Is the EU ready to take decisive steps towards slashing its methane footprint from imports?
With the transition to a low-carbon and green world taking a backseat to energy security woes due to various roadblocks, including geopolitical challenges, the European Union (EU) seems to be at a crossroads, as its decision-makers prepare to weigh in on whether to include a performance standard for methane emissions from imports in the first EU-wide legislation aimed at cutting these emissions from the energy sector.
After the EU Parliament adopted its position on a new law to reduce methane emissions from the energy sector with 499 votes in favor, 73 against, and 55 abstentions, the Parliament was ready to start negotiations with the EU Council on the final text of the legislation. The new law, which is seen as the first piece of EU legislation aimed at cutting methane emissions, covers direct methane emissions from oil, gas, coal, and biomethane once injected into the gas network.
With energy imports making up over 80% of the oil and gas consumed, the EU is said to be the largest global importer of natural gas. As a result, the Environmental Defense Fund Europe (EDFE) – a non-governmental organization (NGO) looking for ways to clean the air, decarbonize shipping, and reduce methane pollution – believes that the European Union shoulders significant responsibility for methane emissions beyond its borders.
Furthermore, the representatives from the European Parliament, the Council of the EU, and the European Commission will meet on Tuesday, November 14, to hammer out a compromise agreement on the European Commission’s proposed regulation. The EU’s Methane Regulation aims to reduce methane emissions from fossil fuel operations in line with international commitments like the Global Methane Pledge.
EDFE places great significance on the November 14 triloque, as a decisive moment for EU climate action, since decision-makers will be mulling over whether to include a performance standard for methane emissions from imports.

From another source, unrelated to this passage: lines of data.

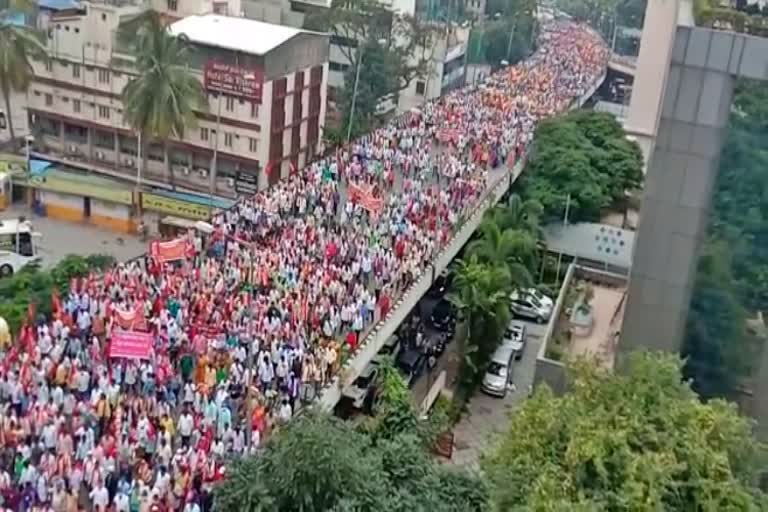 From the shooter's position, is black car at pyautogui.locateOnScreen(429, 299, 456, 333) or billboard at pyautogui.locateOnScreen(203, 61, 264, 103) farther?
billboard at pyautogui.locateOnScreen(203, 61, 264, 103)

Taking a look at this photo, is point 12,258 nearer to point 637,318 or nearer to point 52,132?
point 52,132

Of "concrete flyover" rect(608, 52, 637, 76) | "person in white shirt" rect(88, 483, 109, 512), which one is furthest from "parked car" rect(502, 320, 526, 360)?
"concrete flyover" rect(608, 52, 637, 76)

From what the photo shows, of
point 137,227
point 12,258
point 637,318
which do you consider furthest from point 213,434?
point 137,227

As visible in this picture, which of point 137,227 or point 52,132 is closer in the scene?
point 137,227

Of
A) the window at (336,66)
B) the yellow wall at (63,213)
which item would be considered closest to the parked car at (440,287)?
the yellow wall at (63,213)

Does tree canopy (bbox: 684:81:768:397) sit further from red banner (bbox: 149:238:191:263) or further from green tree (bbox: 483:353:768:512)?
red banner (bbox: 149:238:191:263)

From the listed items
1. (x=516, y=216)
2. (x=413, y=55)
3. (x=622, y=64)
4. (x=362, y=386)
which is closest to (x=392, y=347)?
(x=362, y=386)

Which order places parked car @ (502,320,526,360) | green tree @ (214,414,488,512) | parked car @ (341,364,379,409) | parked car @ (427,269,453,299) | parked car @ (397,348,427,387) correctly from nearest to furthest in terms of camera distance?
green tree @ (214,414,488,512), parked car @ (341,364,379,409), parked car @ (397,348,427,387), parked car @ (502,320,526,360), parked car @ (427,269,453,299) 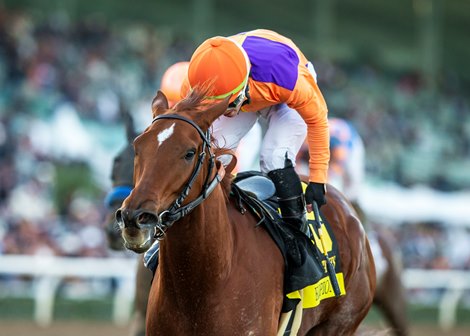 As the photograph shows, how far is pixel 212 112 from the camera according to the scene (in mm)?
3906

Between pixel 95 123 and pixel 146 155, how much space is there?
11.8 meters

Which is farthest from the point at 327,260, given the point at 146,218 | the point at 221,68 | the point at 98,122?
the point at 98,122

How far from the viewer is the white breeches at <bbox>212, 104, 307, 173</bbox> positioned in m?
4.82

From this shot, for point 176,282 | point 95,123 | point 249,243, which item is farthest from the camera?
point 95,123

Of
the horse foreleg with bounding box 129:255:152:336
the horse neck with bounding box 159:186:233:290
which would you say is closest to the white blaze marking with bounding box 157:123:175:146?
the horse neck with bounding box 159:186:233:290

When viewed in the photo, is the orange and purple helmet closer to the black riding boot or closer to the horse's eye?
the horse's eye

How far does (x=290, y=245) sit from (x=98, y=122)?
11.1m

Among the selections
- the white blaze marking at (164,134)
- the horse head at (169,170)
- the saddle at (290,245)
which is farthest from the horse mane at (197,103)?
the saddle at (290,245)

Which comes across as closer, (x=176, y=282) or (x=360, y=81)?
(x=176, y=282)

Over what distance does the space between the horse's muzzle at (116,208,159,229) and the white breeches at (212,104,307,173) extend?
140cm

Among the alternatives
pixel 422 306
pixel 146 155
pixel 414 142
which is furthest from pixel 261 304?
pixel 414 142

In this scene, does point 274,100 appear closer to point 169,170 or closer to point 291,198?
point 291,198

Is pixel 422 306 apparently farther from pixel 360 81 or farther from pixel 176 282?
pixel 176 282

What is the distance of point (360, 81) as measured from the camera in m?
21.4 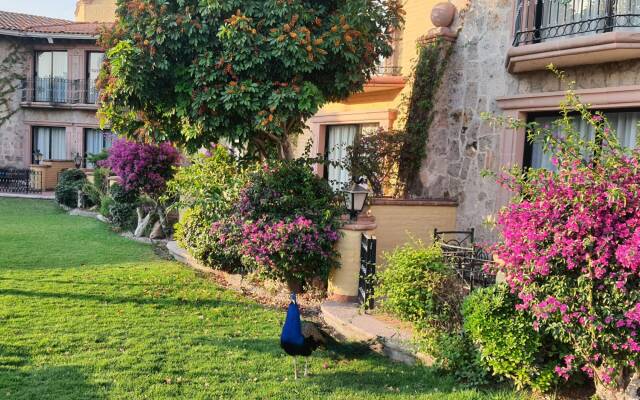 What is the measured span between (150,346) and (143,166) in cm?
787

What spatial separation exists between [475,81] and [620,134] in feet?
8.24

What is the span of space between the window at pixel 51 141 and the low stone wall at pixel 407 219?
70.6 feet

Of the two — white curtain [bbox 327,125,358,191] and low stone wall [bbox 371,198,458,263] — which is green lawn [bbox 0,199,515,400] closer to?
low stone wall [bbox 371,198,458,263]

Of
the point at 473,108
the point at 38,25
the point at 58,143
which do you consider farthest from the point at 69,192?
the point at 473,108

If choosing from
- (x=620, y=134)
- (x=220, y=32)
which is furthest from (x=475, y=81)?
(x=220, y=32)

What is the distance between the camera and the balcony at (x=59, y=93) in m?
25.4

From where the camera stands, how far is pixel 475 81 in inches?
370

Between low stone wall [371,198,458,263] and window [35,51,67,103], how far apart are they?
2140 centimetres

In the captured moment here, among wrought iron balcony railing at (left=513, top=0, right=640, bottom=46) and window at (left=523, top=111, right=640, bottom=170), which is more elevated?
wrought iron balcony railing at (left=513, top=0, right=640, bottom=46)

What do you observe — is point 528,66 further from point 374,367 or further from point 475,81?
point 374,367

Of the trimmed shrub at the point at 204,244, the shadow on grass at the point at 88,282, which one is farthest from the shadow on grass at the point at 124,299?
the trimmed shrub at the point at 204,244

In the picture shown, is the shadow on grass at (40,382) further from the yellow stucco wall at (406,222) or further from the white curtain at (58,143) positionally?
the white curtain at (58,143)

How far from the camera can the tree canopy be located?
24.9 ft

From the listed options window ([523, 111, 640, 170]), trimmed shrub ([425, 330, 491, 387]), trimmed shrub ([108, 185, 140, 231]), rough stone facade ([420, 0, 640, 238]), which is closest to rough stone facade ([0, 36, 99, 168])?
trimmed shrub ([108, 185, 140, 231]) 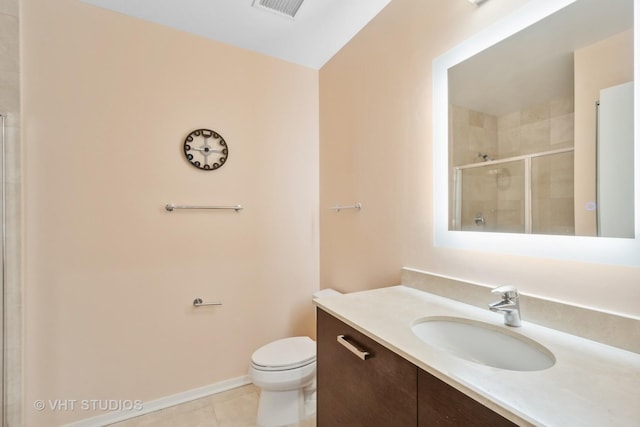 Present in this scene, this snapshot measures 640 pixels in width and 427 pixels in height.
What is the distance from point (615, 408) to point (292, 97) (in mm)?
2332

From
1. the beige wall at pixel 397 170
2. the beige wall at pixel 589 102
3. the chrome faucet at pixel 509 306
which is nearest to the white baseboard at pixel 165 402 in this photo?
the beige wall at pixel 397 170

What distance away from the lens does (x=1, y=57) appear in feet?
4.67

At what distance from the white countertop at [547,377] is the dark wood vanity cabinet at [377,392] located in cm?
3

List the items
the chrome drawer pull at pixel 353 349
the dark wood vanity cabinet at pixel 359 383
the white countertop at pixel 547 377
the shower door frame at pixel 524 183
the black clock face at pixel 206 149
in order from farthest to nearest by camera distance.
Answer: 1. the black clock face at pixel 206 149
2. the shower door frame at pixel 524 183
3. the chrome drawer pull at pixel 353 349
4. the dark wood vanity cabinet at pixel 359 383
5. the white countertop at pixel 547 377

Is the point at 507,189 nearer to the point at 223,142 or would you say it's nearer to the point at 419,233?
the point at 419,233

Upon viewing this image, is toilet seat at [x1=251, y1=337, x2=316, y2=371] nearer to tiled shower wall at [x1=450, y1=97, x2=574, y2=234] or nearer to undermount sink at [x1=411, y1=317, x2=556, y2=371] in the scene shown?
undermount sink at [x1=411, y1=317, x2=556, y2=371]

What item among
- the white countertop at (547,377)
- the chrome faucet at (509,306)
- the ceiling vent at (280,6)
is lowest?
the white countertop at (547,377)

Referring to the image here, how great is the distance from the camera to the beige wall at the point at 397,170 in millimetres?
980

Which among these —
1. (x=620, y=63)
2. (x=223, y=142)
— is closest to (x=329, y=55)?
(x=223, y=142)

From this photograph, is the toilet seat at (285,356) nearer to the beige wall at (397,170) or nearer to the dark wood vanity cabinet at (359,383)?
the dark wood vanity cabinet at (359,383)

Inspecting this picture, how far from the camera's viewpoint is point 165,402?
1.80 m

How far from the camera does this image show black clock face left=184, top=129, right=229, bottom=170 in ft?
6.19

With negotiators gearing up for these high-stakes talks that could decide the fate of the European Union’s ambitious proposal to curb planet-warming methane emissions from the energy sector, the NGO urged climate leadership, enabling the EU to unlock major methane reductions.

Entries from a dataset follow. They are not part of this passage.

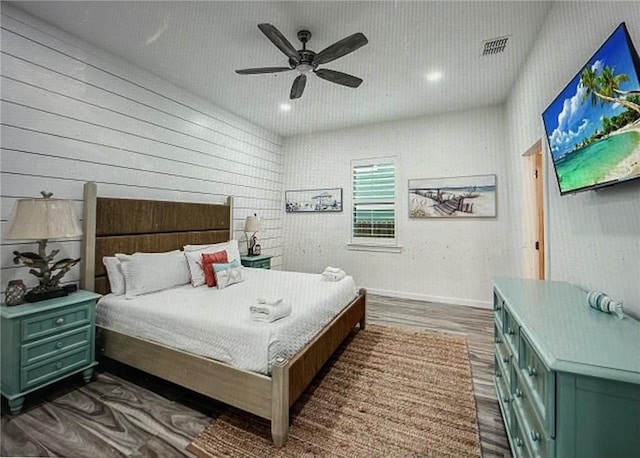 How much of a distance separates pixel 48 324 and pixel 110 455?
3.51 feet

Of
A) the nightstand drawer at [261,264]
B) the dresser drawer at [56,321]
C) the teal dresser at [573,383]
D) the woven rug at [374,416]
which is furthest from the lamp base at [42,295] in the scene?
the teal dresser at [573,383]

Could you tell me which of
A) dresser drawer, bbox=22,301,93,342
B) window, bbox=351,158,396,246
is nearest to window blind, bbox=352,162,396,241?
window, bbox=351,158,396,246

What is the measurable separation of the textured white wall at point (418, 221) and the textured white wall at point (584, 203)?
1.40 meters

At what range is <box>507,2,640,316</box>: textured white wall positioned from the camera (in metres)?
1.39

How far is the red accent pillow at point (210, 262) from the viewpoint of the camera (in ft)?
9.73

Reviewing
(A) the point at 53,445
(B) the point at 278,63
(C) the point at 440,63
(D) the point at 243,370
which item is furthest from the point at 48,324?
(C) the point at 440,63

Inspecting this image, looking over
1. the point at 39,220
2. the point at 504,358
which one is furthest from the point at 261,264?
the point at 504,358

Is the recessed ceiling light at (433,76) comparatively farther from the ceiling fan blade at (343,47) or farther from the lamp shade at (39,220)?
the lamp shade at (39,220)

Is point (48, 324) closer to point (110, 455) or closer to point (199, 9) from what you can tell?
point (110, 455)

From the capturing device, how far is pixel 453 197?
4359mm

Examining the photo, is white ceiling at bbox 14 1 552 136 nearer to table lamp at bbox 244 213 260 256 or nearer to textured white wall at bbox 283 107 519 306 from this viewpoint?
textured white wall at bbox 283 107 519 306

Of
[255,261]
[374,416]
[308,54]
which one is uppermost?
[308,54]

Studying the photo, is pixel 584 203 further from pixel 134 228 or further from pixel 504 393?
pixel 134 228

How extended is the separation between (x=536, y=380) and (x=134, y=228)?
134 inches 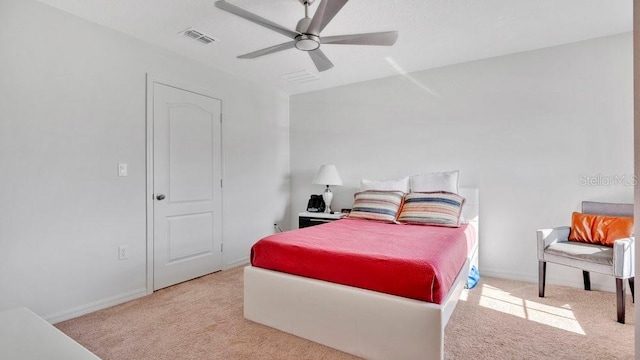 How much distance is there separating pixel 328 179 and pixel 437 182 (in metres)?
1.32

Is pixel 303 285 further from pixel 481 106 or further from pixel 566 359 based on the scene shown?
pixel 481 106

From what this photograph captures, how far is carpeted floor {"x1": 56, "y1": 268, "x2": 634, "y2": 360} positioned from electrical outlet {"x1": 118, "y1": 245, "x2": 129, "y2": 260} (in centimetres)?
40

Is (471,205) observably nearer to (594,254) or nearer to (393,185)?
(393,185)

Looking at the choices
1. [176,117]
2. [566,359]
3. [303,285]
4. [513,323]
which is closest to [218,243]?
[176,117]

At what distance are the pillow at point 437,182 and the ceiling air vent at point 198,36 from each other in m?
2.55

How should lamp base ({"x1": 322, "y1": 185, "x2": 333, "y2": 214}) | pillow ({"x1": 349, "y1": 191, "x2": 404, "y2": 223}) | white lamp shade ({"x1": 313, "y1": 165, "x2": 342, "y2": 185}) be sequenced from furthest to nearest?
lamp base ({"x1": 322, "y1": 185, "x2": 333, "y2": 214})
white lamp shade ({"x1": 313, "y1": 165, "x2": 342, "y2": 185})
pillow ({"x1": 349, "y1": 191, "x2": 404, "y2": 223})

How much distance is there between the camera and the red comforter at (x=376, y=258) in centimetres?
167

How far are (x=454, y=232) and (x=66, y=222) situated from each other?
10.2 ft

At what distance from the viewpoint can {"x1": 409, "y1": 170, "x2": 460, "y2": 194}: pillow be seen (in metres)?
3.23

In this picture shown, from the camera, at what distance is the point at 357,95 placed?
414 cm

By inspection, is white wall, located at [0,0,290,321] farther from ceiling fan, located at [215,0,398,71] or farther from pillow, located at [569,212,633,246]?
pillow, located at [569,212,633,246]

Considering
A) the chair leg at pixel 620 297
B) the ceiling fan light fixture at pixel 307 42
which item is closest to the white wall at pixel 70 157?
the ceiling fan light fixture at pixel 307 42

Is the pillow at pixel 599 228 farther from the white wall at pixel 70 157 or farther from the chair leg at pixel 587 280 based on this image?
the white wall at pixel 70 157

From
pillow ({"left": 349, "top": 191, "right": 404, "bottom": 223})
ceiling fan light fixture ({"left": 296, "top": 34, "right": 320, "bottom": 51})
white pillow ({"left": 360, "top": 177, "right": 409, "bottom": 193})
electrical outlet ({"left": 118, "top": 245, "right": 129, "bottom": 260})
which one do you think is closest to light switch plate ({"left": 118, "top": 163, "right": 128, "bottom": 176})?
electrical outlet ({"left": 118, "top": 245, "right": 129, "bottom": 260}) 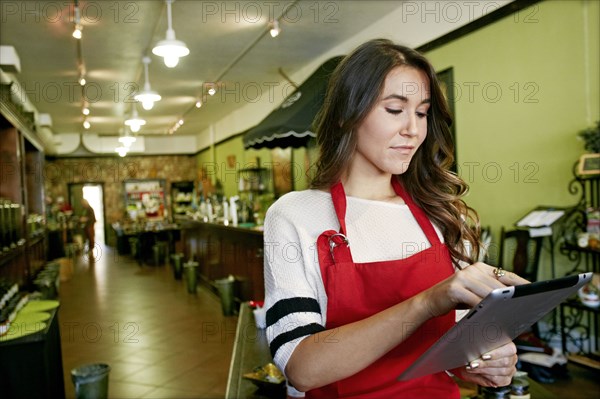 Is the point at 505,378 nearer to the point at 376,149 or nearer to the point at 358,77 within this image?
the point at 376,149

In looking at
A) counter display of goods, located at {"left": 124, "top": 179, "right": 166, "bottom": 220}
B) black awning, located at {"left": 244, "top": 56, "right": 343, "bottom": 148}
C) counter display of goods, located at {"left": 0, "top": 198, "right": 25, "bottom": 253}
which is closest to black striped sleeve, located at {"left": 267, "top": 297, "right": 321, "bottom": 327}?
black awning, located at {"left": 244, "top": 56, "right": 343, "bottom": 148}

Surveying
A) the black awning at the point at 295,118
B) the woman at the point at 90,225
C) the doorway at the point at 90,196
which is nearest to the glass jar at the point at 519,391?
the black awning at the point at 295,118

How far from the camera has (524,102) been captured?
4.62 meters

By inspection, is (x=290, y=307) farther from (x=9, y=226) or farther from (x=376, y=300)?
(x=9, y=226)

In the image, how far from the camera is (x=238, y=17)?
6273 millimetres

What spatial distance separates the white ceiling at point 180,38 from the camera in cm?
585

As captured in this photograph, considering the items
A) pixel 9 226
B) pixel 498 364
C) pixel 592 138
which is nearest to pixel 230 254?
pixel 9 226

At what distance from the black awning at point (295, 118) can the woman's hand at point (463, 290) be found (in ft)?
14.7

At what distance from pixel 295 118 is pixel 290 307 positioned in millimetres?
4898

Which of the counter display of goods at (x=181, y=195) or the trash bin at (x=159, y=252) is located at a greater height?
the counter display of goods at (x=181, y=195)

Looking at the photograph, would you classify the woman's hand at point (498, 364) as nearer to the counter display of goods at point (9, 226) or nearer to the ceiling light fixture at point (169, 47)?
the ceiling light fixture at point (169, 47)

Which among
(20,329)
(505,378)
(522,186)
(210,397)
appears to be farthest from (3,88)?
(505,378)

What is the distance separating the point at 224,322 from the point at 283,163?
16.1 feet

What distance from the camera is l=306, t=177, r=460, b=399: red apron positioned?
116 cm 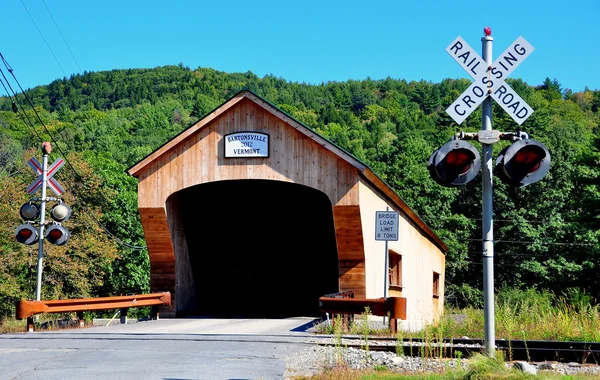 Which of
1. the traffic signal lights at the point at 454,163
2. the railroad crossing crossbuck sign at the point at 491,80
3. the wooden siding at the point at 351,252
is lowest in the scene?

Flavia Sollazzo, Senior Director, EU Energy Transition at Environmental Defense Fund Europe, commented: “As the world’s largest natural gas importer, the EU can no longer outsource pollution while claiming climate leadership. The bloc’s external ‘methane footprint’ is up to 8 times higher than its domestic emissions and worse still, we know through scientific measurements that in most places, emissions are underreported.
“On November 14, the EU must match rhetoric with action by passing an ambitious Methane Regulation that includes a performance standard on imports. Because it stays in our atmosphere for less time, reducing methane is one of the fastest and most efficient ways to slow down global warming and stabilize our climate. But we must act now.”

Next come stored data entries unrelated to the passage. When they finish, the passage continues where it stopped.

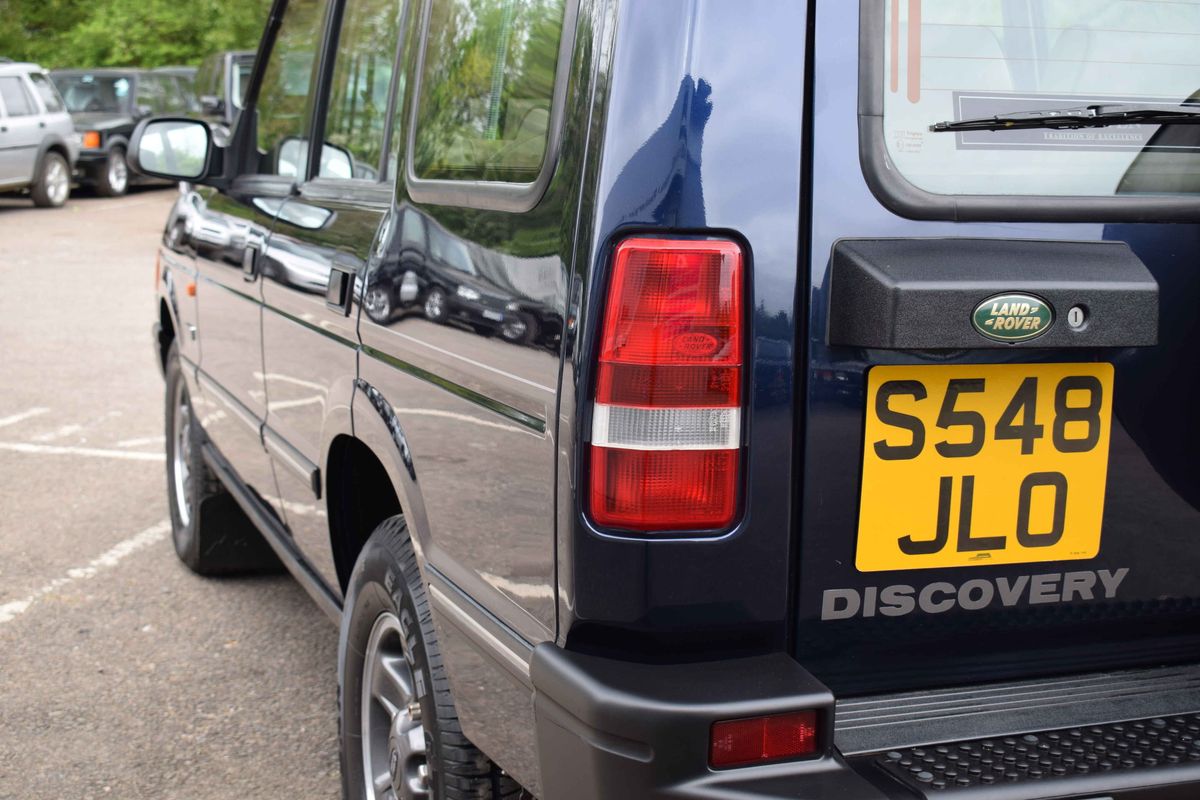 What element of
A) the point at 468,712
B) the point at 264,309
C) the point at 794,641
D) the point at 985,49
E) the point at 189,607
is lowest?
the point at 189,607

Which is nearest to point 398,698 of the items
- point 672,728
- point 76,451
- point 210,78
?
point 672,728

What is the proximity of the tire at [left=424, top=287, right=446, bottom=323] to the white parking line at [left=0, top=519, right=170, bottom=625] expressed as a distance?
2741mm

With a warming potential over 80 times greater than that of carbon dioxide during the first 20 years after it is released into the atmosphere, methane is a potent greenhouse gas, which has been identified as the second-largest contributor to global warming. Based on available data, methane emissions from human activity are responsible for at least 25% of the current global warming with the oil and gas sector standing out as a significant contributor, as its methane emissions are said to be about 70% higher than official data shows and expected to rise even further.
As extreme weather events have accelerated worldwide since the EU first proposed the regulation in 2021, EDFE claims that a climate disaster is unfolding with more intense heatwaves, floods, and storms on the horizon. Within its 2023 Methane Tracker, the International Energy Agency (IEA) estimated that the global energy sector was responsible for nearly 40% of total human-caused methane emissions in 2022, second only to agriculture while around 75% of methane emissions from fossil fuel operations could be reduced with existing technology – two-thirds of it at no net cost.
“There is no more time to waste. This regulation is long overdue, but we’re hopeful the EU will step up to act on this golden opportunity for climate action,” concluded Sollazzo.